Harry Potter and the Goblet of Fire
by J.K. Rowling
Harry Potter and the Goblet of Fire Theme of Friendship
Harry Potter and Voldemort are similar in many ways: they're both orphans, both Parselmouths (wizards who can speak to snakes), and both were raised in the Muggle world. What separates Harry from Voldemort is that Harry (among other things) has friends whom he treats as equals. In Harry Potter and the Goblet of Fire we see how Voldemort treats Wormtail, his servant who's scared and desperate enough to cut his own arm off to bring Voldemort back. Voldemort lets him bleed on the ground for a while before finally giving Wormtail a new, magical arm. By contrast, Harry has devoted friends who help him because they love him: Dobby brings him gillyweed for the second task, Hermione helps him learn a Summoning Charm for the first, and Ron lets himself get cursed over and over again as practice for the third. Harry's friends freely volunteer their support in the challenges Harry faces. Voldemort has to rely on power and intimidation to keep his supporters in line.

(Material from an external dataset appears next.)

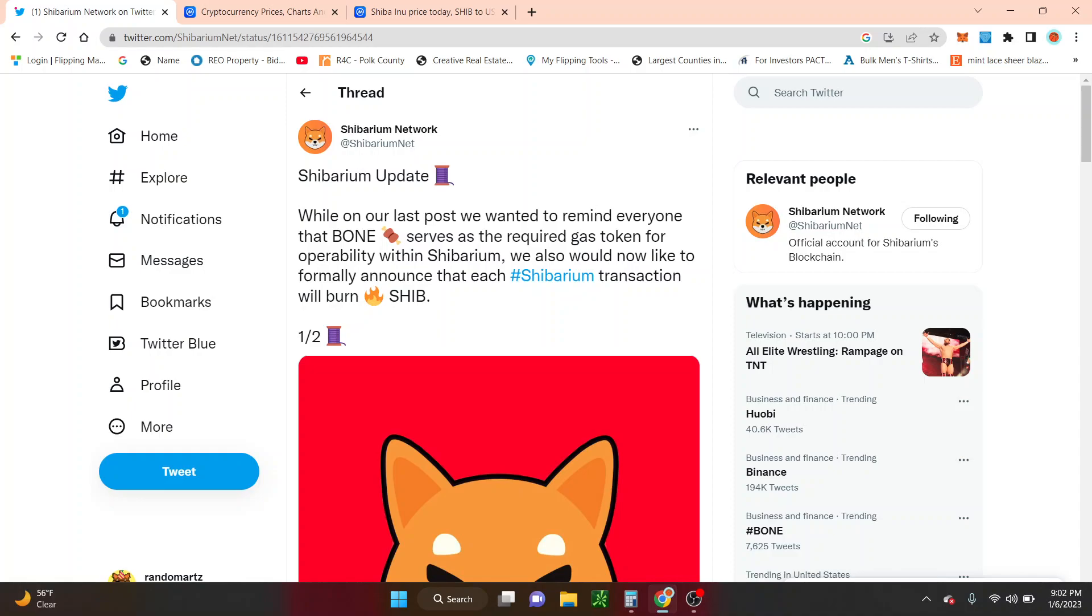So if you're just seeing this, you probably just are getting a double ping because I literally just dropped the video about my bone technical analysis. And as soon as I drop it, we get this notification from Shibarium Network.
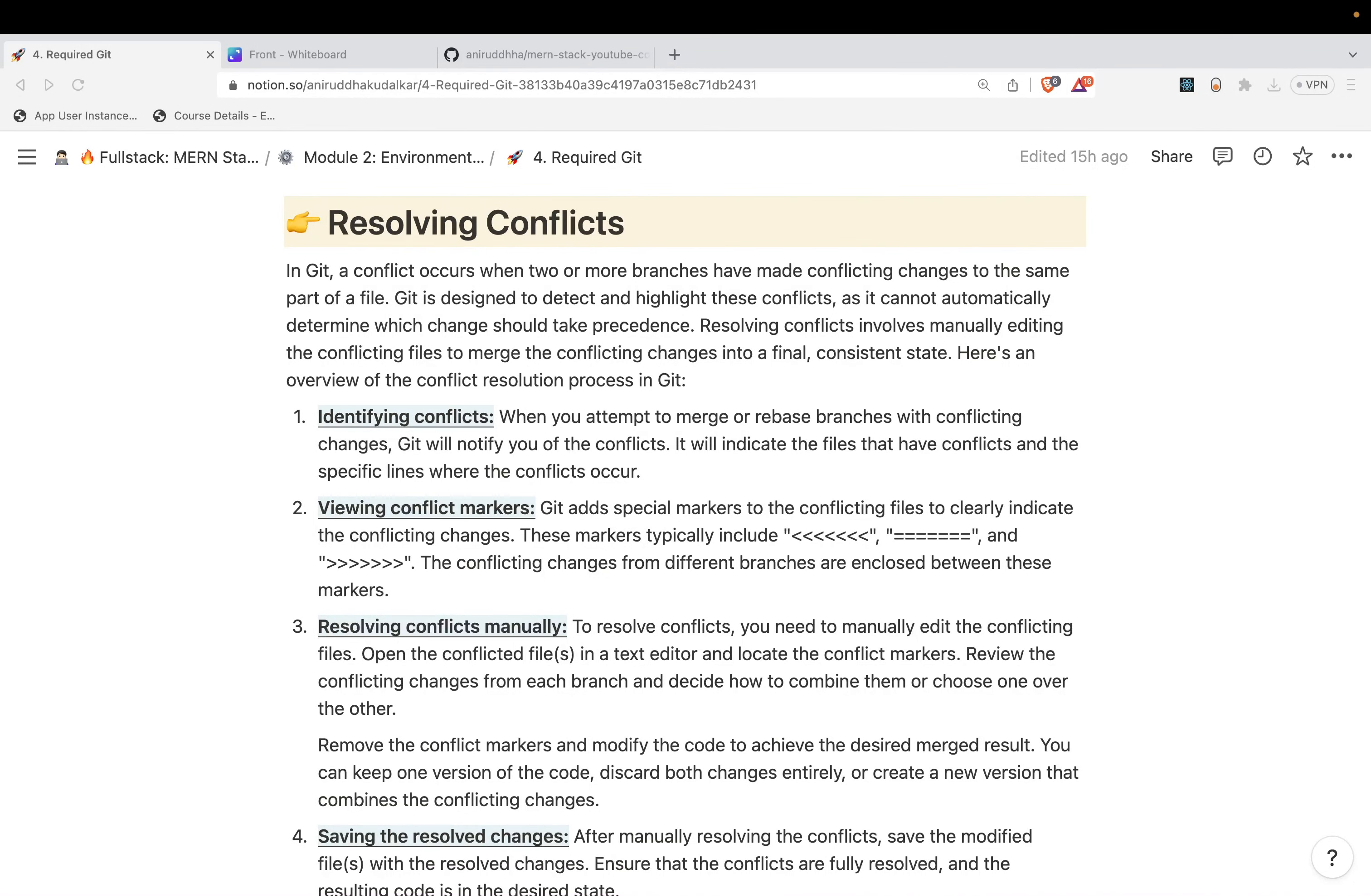Whenever you work with multiple branches and merge them to the main branch, there might be a possibility that some files may get conflicted. Now what do you mean by conflicted?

Questions About Friendship
- What's the stated purpose of the Triwizard Tournament? Does the Tournament achieve its official goals? Why or why not?
- What pressures on the friendship between Harry, Hermione, and Ron does J.K. Rowling introduce in Goblet of Fire? What do these new tensions add to the plot of the novel? Why might Rowling choose to introduce these particular tensions in Goblet of Fire?
- Do you think that it's possible for Death Eaters to be friends with one another? Could a Death Eater friendship be the same as Harry's friendship with Ron or Hermione, for example? If so, why? If not, why not?